==== Data for analysis

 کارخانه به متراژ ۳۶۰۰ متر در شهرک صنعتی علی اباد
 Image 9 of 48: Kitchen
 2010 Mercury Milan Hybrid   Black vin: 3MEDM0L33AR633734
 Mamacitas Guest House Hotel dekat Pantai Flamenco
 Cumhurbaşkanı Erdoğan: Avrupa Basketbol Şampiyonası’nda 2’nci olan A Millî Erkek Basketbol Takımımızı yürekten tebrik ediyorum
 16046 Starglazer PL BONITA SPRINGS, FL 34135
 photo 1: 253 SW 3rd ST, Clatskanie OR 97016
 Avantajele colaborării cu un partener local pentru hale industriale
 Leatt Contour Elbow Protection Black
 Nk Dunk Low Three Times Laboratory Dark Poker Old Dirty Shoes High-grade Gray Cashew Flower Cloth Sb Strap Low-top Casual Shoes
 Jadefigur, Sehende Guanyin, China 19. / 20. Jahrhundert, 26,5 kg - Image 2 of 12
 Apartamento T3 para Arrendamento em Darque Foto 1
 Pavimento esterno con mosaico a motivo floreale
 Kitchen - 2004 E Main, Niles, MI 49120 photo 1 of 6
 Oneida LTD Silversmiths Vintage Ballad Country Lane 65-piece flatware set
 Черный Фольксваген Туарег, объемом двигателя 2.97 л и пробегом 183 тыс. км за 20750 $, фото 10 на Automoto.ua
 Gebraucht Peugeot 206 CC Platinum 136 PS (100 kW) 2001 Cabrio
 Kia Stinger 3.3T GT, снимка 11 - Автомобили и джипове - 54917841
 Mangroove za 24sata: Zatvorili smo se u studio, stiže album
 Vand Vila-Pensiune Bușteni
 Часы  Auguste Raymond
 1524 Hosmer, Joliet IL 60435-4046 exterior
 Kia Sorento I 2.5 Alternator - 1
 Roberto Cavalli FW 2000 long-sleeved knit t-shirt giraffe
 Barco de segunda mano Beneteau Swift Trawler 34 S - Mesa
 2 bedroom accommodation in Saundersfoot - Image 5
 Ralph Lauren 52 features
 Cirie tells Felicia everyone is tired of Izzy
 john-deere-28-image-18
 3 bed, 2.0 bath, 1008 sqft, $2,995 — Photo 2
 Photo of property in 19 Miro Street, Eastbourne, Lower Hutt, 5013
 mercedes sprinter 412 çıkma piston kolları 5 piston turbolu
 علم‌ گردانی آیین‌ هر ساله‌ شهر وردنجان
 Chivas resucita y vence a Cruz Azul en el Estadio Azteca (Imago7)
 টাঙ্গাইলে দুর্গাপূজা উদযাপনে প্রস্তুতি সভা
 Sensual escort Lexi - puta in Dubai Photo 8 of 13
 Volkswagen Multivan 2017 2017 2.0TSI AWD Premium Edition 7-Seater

========

■ **Goal of the exercise**: A complete, exact transcription of the records is needed.

■ **Answer space**:
 کارخانه به متراژ ۳۶۰۰ متر در شهرک صنعتی علی اباد
 Image 9 of 48: Kitchen
 2010 Mercury Milan Hybrid   Black vin: 3MEDM0L33AR633734
 Mamacitas Guest House Hotel dekat Pantai Flamenco
 Cumhurbaşkanı Erdoğan: Avrupa Basketbol Şampiyonası’nda 2’nci olan A Millî Erkek Basketbol Takımımızı yürekten tebrik ediyorum
 16046 Starglazer PL BONITA SPRINGS, FL 34135
 photo 1: 253 SW 3rd ST, Clatskanie OR 97016
 Avantajele colaborării cu un partener local pentru hale industriale
 Leatt Contour Elbow Protection Black
 Nk Dunk Low Three Times Laboratory Dark Poker Old Dirty Shoes High-grade Gray Cashew Flower Cloth Sb Strap Low-top Casual Shoes
 Jadefigur, Sehende Guanyin, China 19. / 20. Jahrhundert, 26,5 kg - Image 2 of 12
 Apartamento T3 para Arrendamento em Darque Foto 1
 Pavimento esterno con mosaico a motivo floreale
 Kitchen - 2004 E Main, Niles, MI 49120 photo 1 of 6
 Oneida LTD Silversmiths Vintage Ballad Country Lane 65-piece flatware set
 Черный Фольксваген Туарег, объемом двигателя 2.97 л и пробегом 183 тыс. км за 20750 $, фото 10 на Automoto.ua
 Gebraucht Peugeot 206 CC Platinum 136 PS (100 kW) 2001 Cabrio
 Kia Stinger 3.3T GT, снимка 11 - Автомобили и джипове - 54917841
 Mangroove za 24sata: Zatvorili smo se u studio, stiže album
 Vand Vila-Pensiune Bușteni
 Часы  Auguste Raymond
 1524 Hosmer, Joliet IL 60435-4046 exterior
 Kia Sorento I 2.5 Alternator - 1
 Roberto Cavalli FW 2000 long-sleeved knit t-shirt giraffe
 Barco de segunda mano Beneteau Swift Trawler 34 S - Mesa
 2 bedroom accommodation in Saundersfoot - Image 5
 Ralph Lauren 52 features
 Cirie tells Felicia everyone is tired of Izzy
 john-deere-28-image-18
 3 bed, 2.0 bath, 1008 sqft, $2,995 — Photo 2
 Photo of property in 19 Miro Street, Eastbourne, Lower Hutt, 5013
 mercedes sprinter 412 çıkma piston kolları 5 piston turbolu
 علم‌ گردانی آیین‌ هر ساله‌ شهر وردنجان
 Chivas resucita y vence a Cruz Azul en el Estadio Azteca (Imago7)
 টাঙ্গাইলে দুর্গাপূজা উদযাপনে প্রস্তুতি সভা
 Sensual escort Lexi - puta in Dubai Photo 8 of 13
 Volkswagen Multivan 2017 2017 2.0TSI AWD Premium Edition 7-Seater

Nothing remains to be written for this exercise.